By Whitney Holman
Skills-first hiring is a strategy spreading throughout the corporate world. This strategy transforms how hiring managers evaluate talent, prioritizing the candidate’s actual skills, aptitudes, and real-world abilities over the traditional measures of competence like four-year college degrees, past job titles, and other professional markers. Hiring managers now use military service, community college, apprenticeships, and other lived experiences to measure competencies for jobs.
Using skills-first talent strategies benefits both employers and job seekers. According to the Stand Together Foundation, more than 70 million working adults in the United States are “skilled through alternative routes.” By dropping some of the traditional requirements of a degree or specific past job titles, employers can tap into a larger pool of candidates and solve labor shortages.
According to Atlantic International University, skills-first talent strategies address skills gaps and promote equity and inclusion. Many employers have reported difficulty finding candidates and employees who possess the necessary skills for the job. A skills-first model helps bridge this gap by aligning hiring practices with actual business needs.
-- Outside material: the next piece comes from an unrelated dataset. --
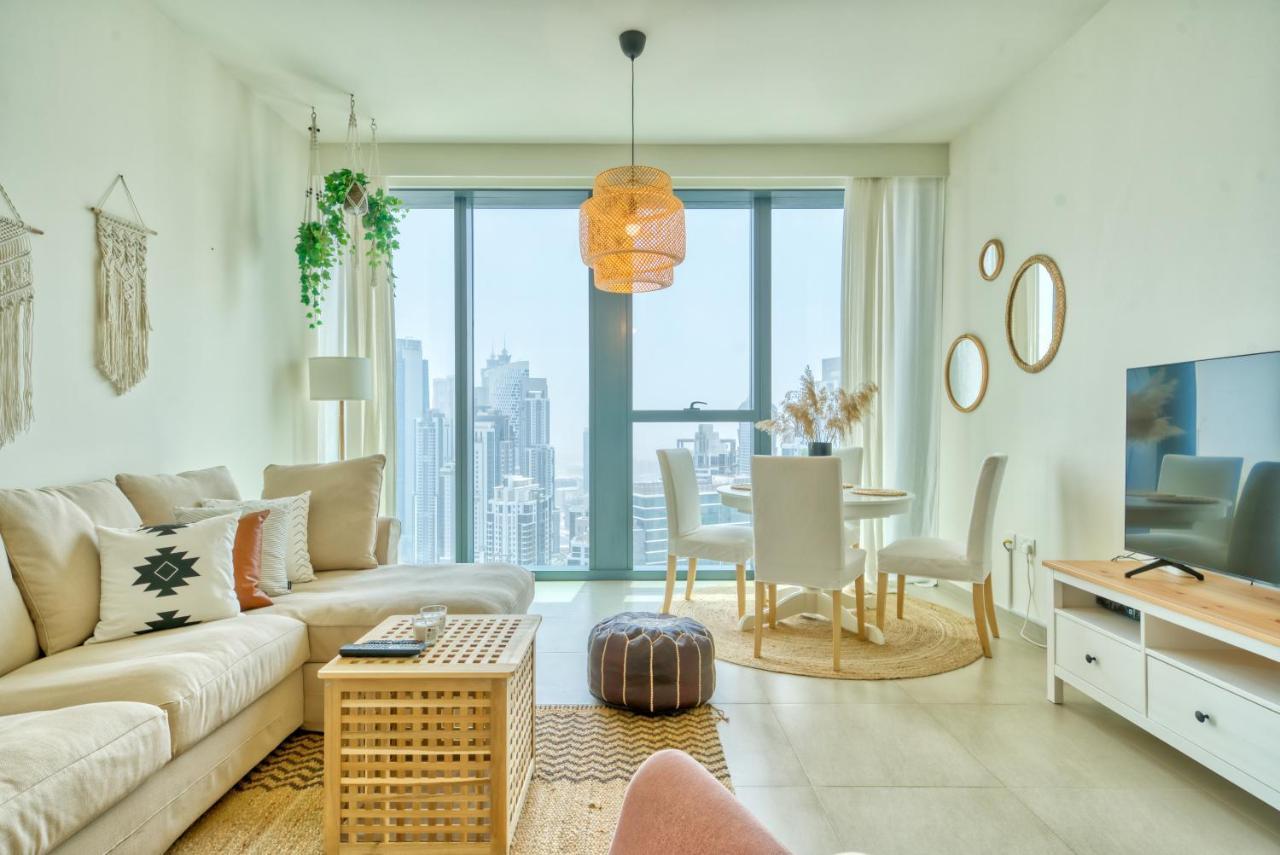 Boho-Chic Cosy 1Br, Minutes To Burj Khalifa Leilighet Dubai Eksteriør bilde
Skills-first talent strategies also reduce biases by valuing what a person can do rather than where they come from, leading to greater diversity, innovation, and representation within teams.
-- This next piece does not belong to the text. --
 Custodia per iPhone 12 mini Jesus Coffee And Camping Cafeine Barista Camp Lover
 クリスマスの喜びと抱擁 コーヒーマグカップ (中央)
Transitioning to a skills-based hiring model requires a deliberate change in standard HR practices. Stand Together and Atlantic International University recommend the following steps for transitioning:
Redesign Job Descriptions
Stop listing rigid degree requirements and long lists of “preferred qualifications” that signal to non-traditional candidates that they shouldn’t apply. Instead, write descriptions focused on the specific contexts and outcomes required for the role (e.g., “Experience using data to solve business problems”).
Use Practical Assessments
Move away from relying solely on resumes and traditional interviews. Utilize live task demonstrations, project-based challenges, and simulation tools to evaluate what a candidate can actually do.
Start Small
Don’t try to overhaul your entire company’s hiring apparatus overnight. Test skills-based recruiting in a single receptive department, secure a “quick win,” and use that success to expand the model company-wide.
Invest in Internal Mobility
Your next great hire might already work for you. Build a culture of continuous learning by subsidizing non-degree credentials, partnering with learning platforms, and listening to employee feedback to match internal talent with open roles.
Shifting to a skills-first talent strategy is an evolution for organizations looking to thrive in today’s labor market. By looking beyond traditional pedigrees and focusing on verifiable competencies, companies can tap into a vast, diverse, and often overlooked talent pool. Embracing a skills-based approach ensures businesses are actively building the resilient, capable, and equitable workforce needed for future success.